### TASK OBJECTIVE
Reproduce nothing but the lines from the one with "Gary Neville names" down to the last line of the data below.
___
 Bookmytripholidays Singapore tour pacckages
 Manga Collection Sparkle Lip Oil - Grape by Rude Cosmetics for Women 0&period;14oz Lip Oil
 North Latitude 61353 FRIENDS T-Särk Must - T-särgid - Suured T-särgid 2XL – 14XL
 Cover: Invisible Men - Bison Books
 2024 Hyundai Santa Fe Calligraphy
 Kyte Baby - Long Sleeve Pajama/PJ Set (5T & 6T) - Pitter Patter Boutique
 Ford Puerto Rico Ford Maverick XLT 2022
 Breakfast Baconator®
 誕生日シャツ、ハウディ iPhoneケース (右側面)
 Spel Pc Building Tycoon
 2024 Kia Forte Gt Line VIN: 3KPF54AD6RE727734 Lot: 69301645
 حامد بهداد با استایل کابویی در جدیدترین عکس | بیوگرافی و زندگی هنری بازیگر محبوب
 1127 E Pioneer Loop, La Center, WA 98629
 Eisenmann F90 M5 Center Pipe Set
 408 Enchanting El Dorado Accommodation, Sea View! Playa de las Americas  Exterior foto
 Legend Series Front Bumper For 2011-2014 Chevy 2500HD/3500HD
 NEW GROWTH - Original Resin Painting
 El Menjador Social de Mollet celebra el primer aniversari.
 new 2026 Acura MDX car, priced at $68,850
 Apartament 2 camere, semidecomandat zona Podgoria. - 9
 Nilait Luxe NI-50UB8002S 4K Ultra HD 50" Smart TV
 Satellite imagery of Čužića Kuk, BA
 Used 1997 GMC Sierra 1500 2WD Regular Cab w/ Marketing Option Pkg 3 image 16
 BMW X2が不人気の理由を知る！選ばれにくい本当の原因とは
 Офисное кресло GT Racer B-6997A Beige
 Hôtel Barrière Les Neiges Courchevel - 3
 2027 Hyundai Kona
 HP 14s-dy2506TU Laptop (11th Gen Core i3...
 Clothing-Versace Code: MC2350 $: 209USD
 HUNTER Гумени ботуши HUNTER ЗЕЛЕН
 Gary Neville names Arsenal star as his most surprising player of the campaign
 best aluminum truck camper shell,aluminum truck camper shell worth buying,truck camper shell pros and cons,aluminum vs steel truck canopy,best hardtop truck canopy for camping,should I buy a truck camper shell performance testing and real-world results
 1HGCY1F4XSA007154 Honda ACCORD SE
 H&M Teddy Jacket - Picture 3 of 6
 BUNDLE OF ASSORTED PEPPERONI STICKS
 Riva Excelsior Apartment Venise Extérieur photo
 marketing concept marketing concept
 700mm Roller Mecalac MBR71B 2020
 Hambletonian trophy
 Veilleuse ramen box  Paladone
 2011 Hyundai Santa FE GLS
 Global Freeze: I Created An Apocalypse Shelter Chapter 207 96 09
___
### WRITTEN REPLY
 Gary Neville names Arsenal star as his most surprising player of the campaign
 best aluminum truck camper shell,aluminum truck camper shell worth buying,truck camper shell pros and cons,aluminum vs steel truck canopy,best hardtop truck canopy for camping,should I buy a truck camper shell performance testing and real-world results
 1HGCY1F4XSA007154 Honda ACCORD SE
 H&M Teddy Jacket - Picture 3 of 6
 BUNDLE OF ASSORTED PEPPERONI STICKS
 Riva Excelsior Apartment Venise Extérieur photo
 marketing concept marketing concept
 700mm Roller Mecalac MBR71B 2020
 Hambletonian trophy
 Veilleuse ramen box  Paladone
 2011 Hyundai Santa FE GLS
 Global Freeze: I Created An Apocalypse Shelter Chapter 207 96 09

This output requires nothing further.